**Problem statement:** Please transcribe every record below exactly, leaving out the pictures.

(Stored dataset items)

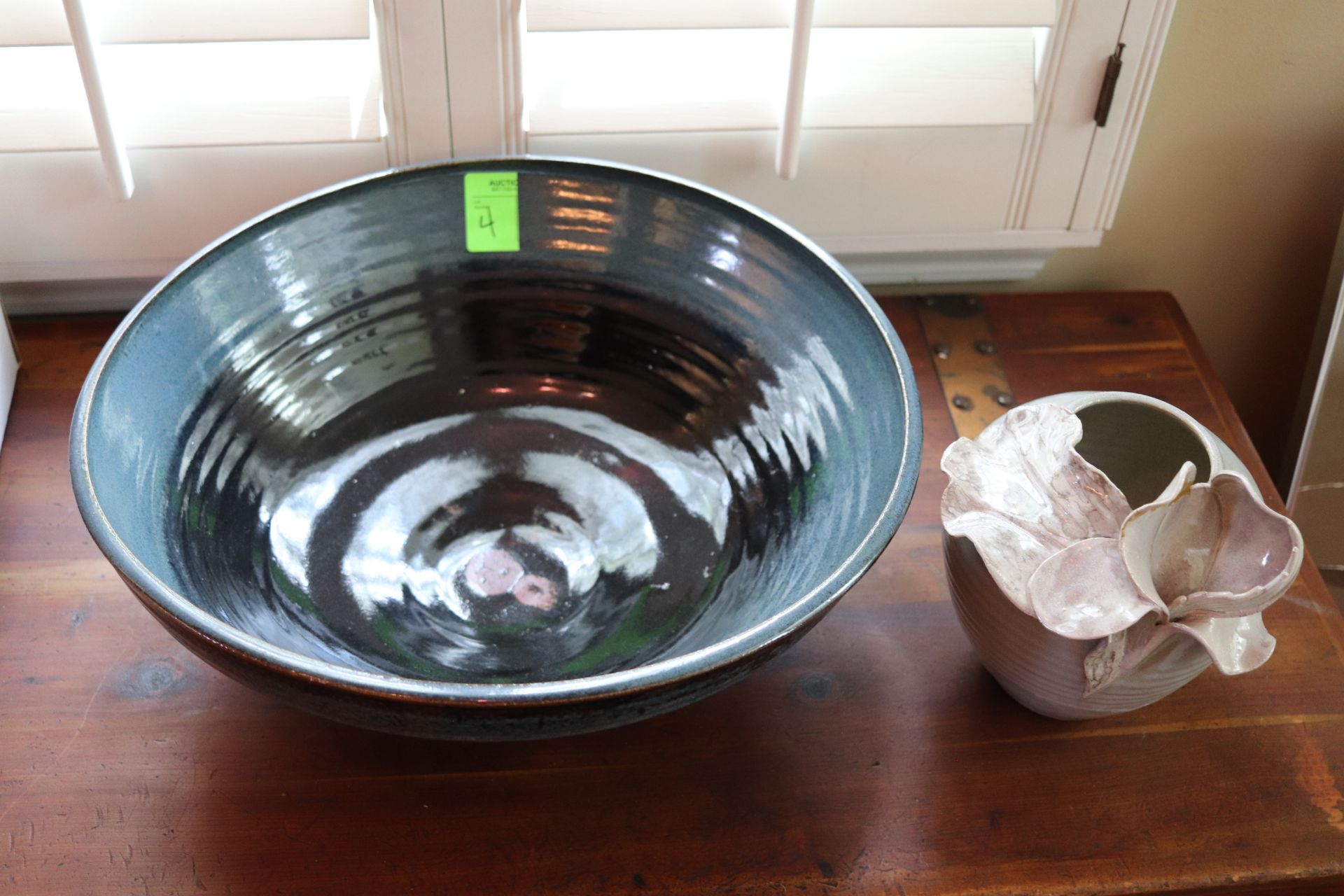 Two pottery pieces: one large bowl and vase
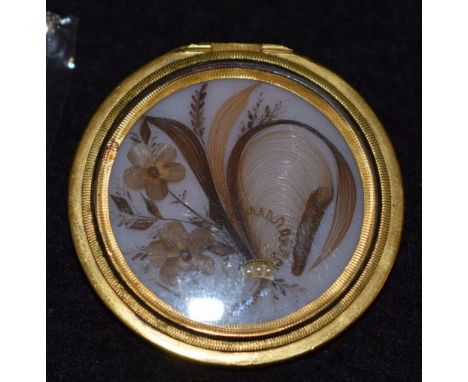 A George III hair work and seed pearl locket converted brooch, painted opaline milk glass panel inset and adorned with hair w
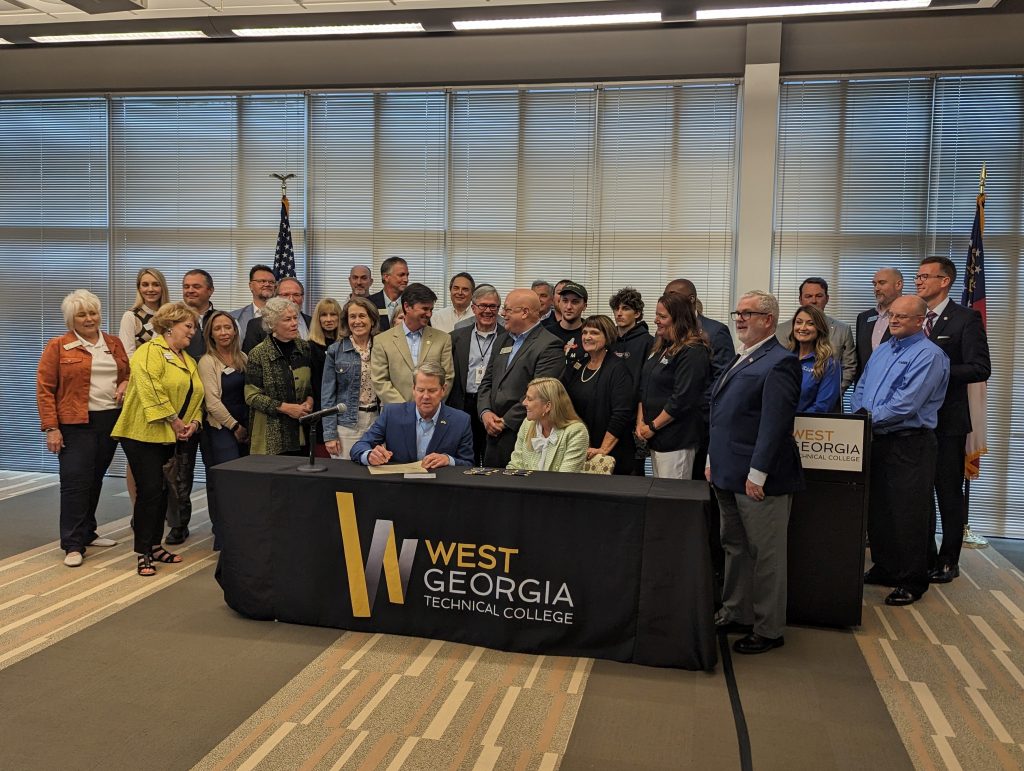 Gov. Kemp sigining a bill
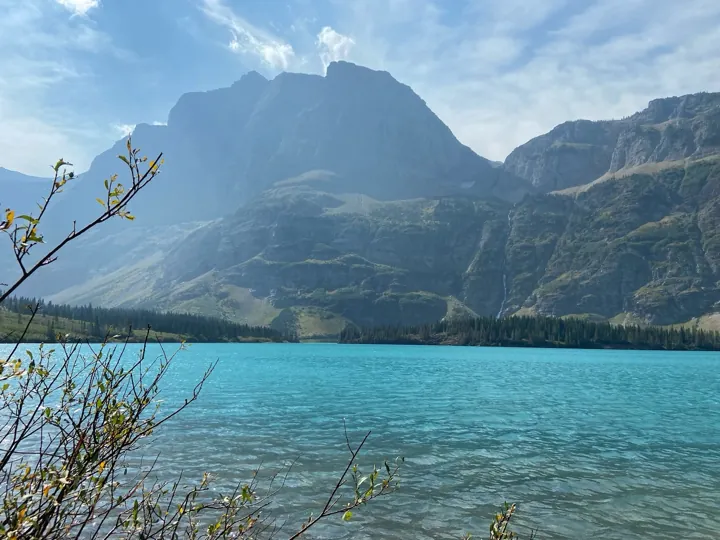 Photo d’origine : Lac d’un bleu turquoise au pied d’un massif rocheux de montagne.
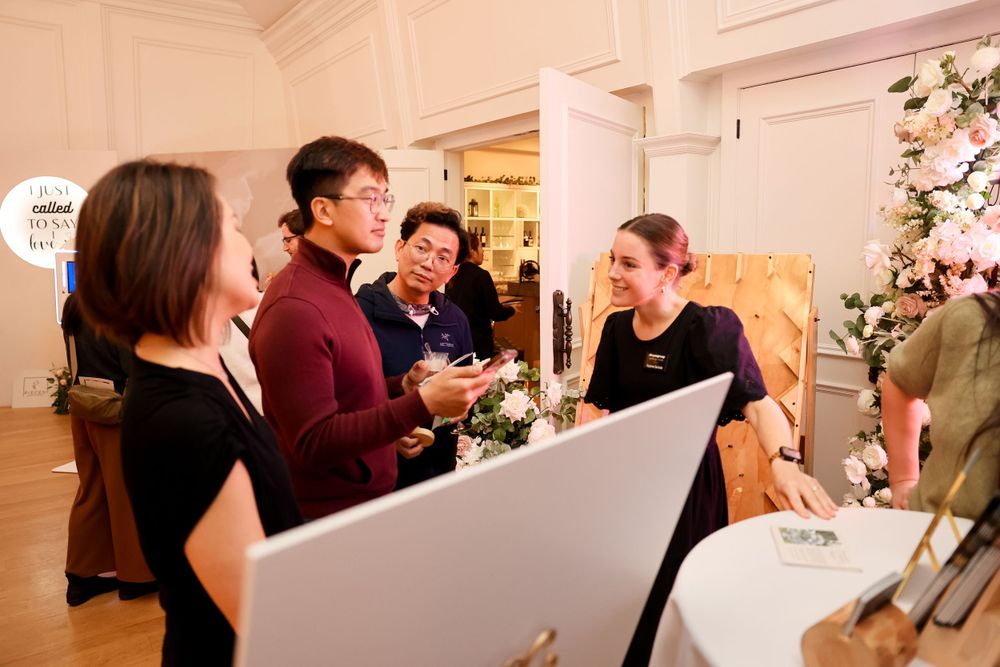 Group of people engaged in conversation around a display setup at an indoor event.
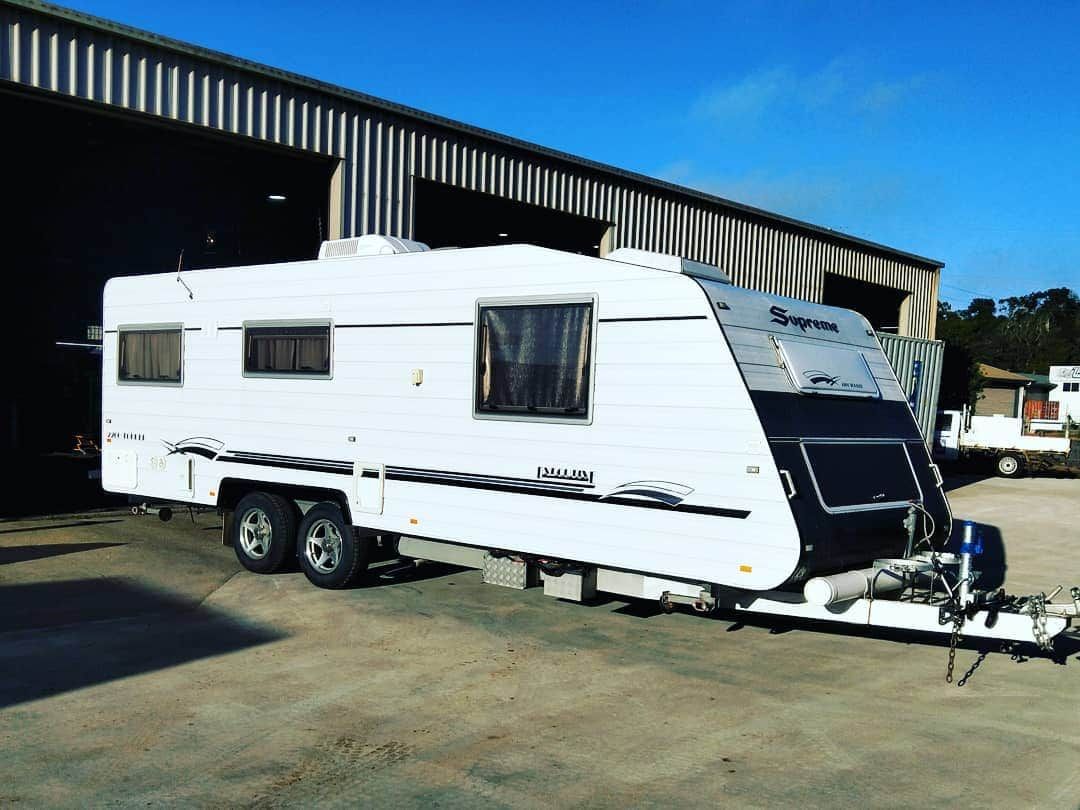 White Caravan Parked on a Concrete Surface in Front of a Large Building — Boycey's Custom Engineering in Atherton, QLD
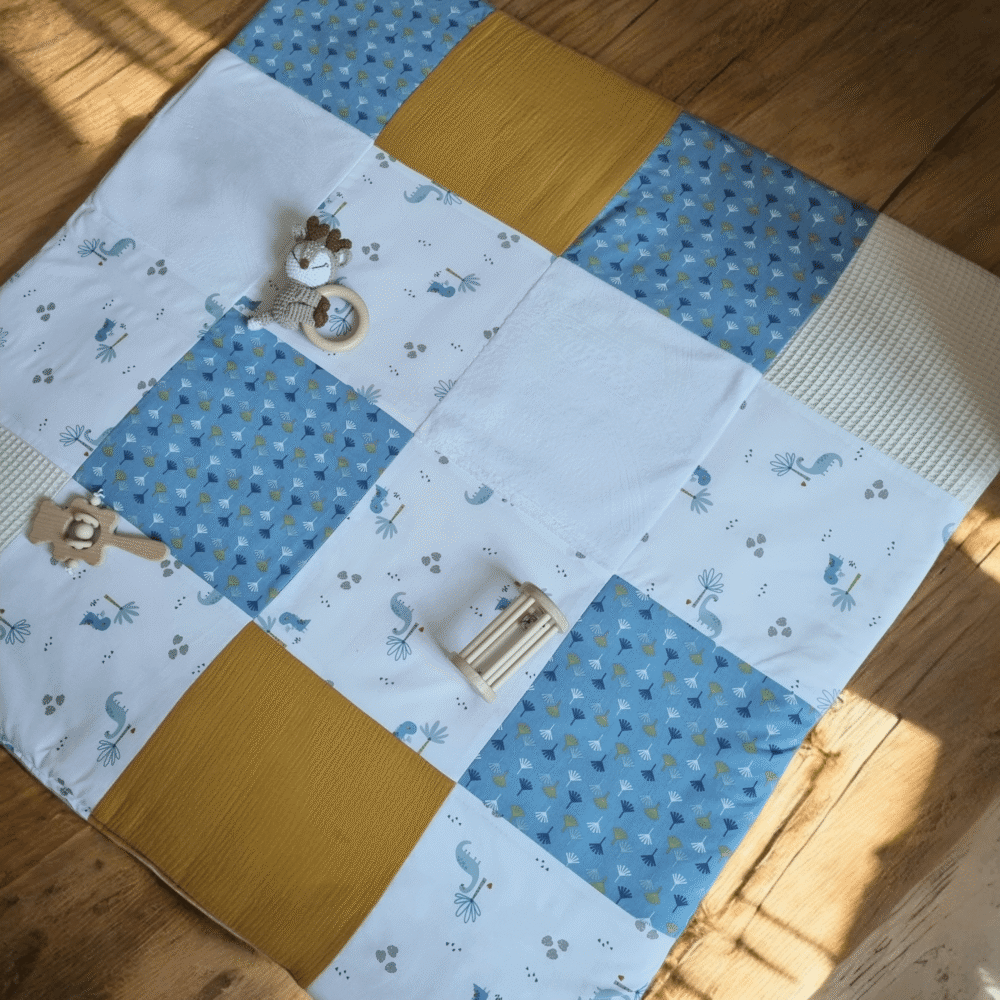 Le tapis de jeu dino bleu - pliable et sensoriel, dès la naissance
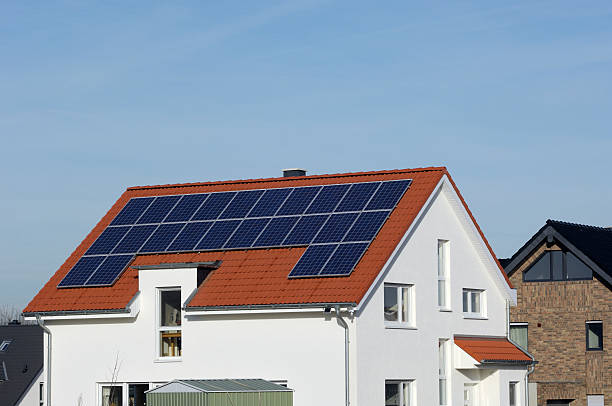 istock White house with solar panels on the roof 185083650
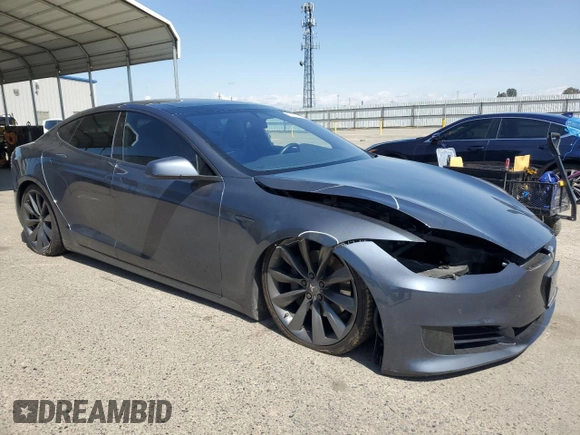 2016 Tesla Model S 90D with VIN 5YJSA1E22GF177120, listed as a Copart auction lot 51972885 with 73,441 mi miles and Salvage title. Bid and sale history available at DreamBid. Image 4.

**Result of this task:**
 Two pottery pieces: one large bowl and vase
 A George III hair work and seed pearl locket converted brooch, painted opaline milk glass panel inset and adorned with hair w
 Gov. Kemp sigining a bill
 Photo d’origine : Lac d’un bleu turquoise au pied d’un massif rocheux de montagne.
 Group of people engaged in conversation around a display setup at an indoor event.
 White Caravan Parked on a Concrete Surface in Front of a Large Building — Boycey's Custom Engineering in Atherton, QLD
 Le tapis de jeu dino bleu - pliable et sensoriel, dès la naissance
 istock White house with solar panels on the roof 185083650
 2016 Tesla Model S 90D with VIN 5YJSA1E22GF177120, listed as a Copart auction lot 51972885 with 73,441 mi miles and Salvage title. Bid and sale history available at DreamBid. Image 4.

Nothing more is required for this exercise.